- Problem to solve:
Each line of data below must be printed exactly as written, with any pictures removed.

- Data provided:

.....

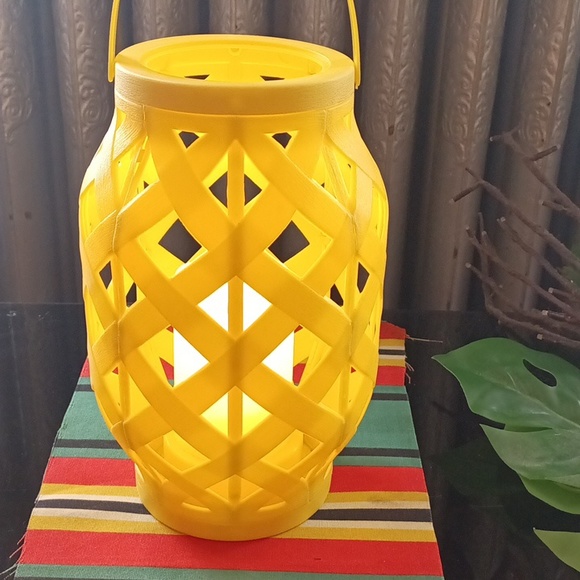 Battery Operated Lantern - Picture 4 of 4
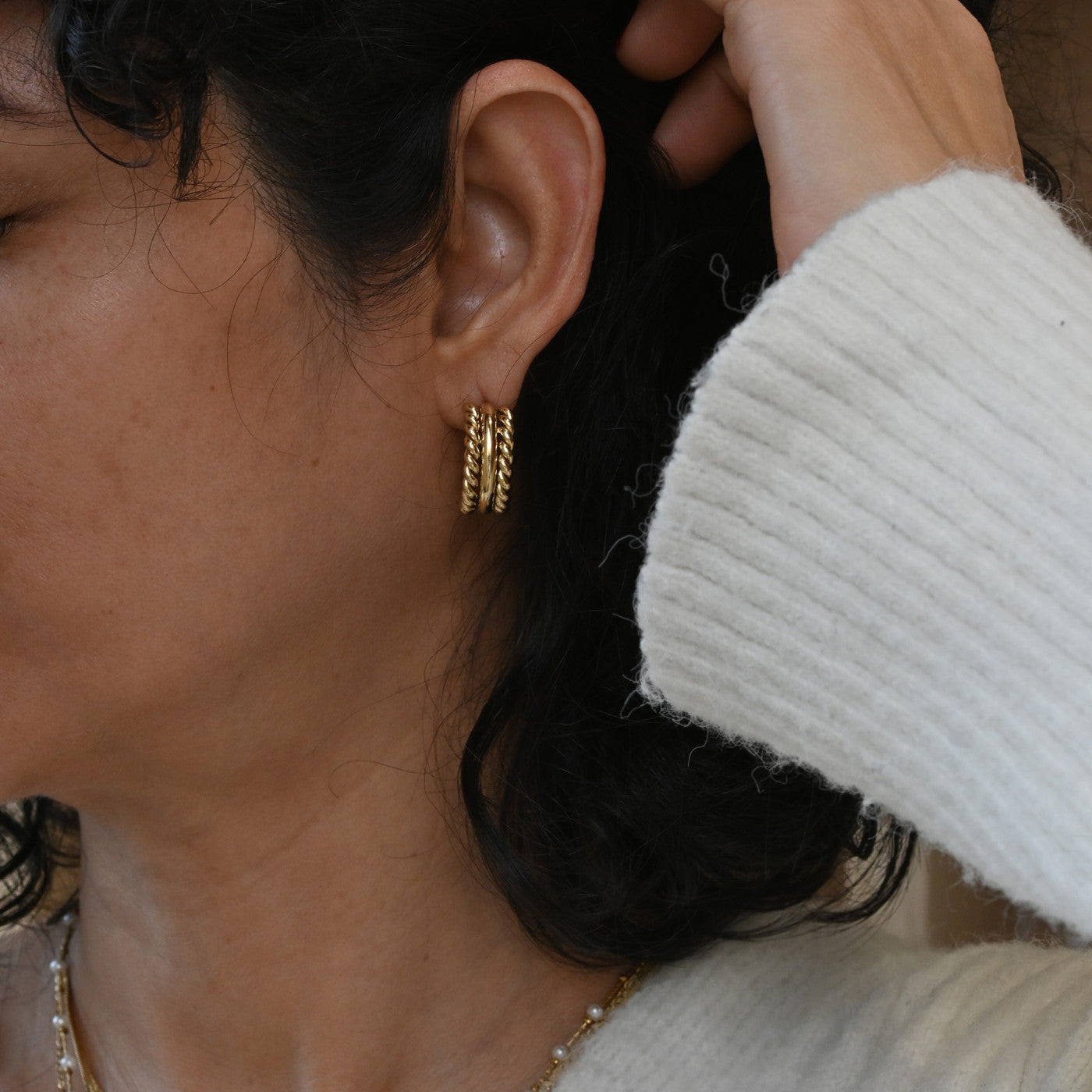 Twisted hoop earrings 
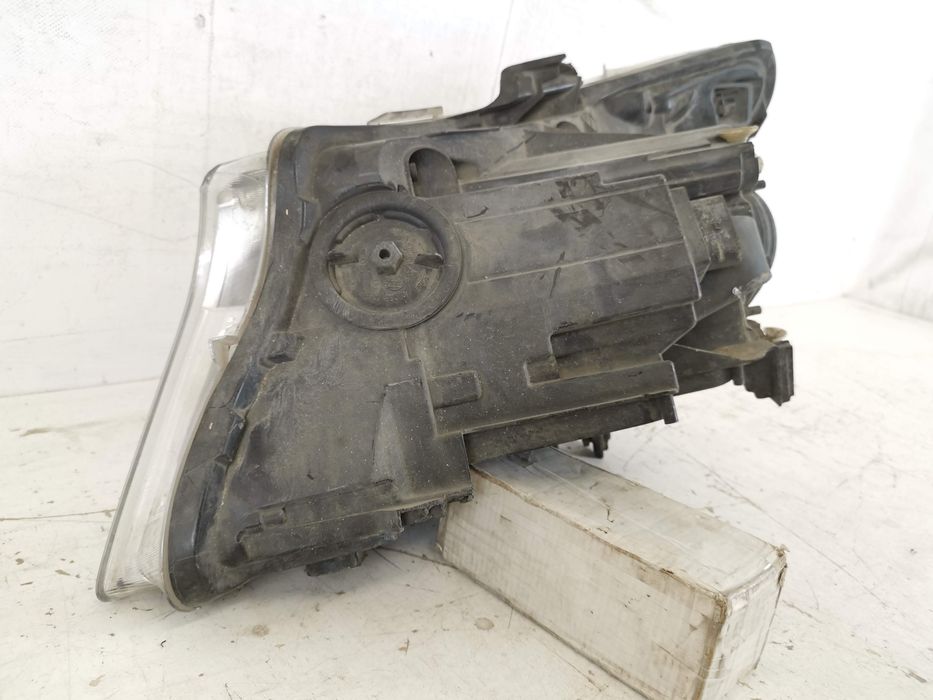 Фар Дясна Лед Интелигентна Светлинна Система Мерцедес-Бенц Вито W447 [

.....

- Solution to this exercise:
 Battery Operated Lantern - Picture 4 of 4
 Twisted hoop earrings 
 Фар Дясна Лед Интелигентна Светлинна Система Мерцедес-Бенц Вито W447 [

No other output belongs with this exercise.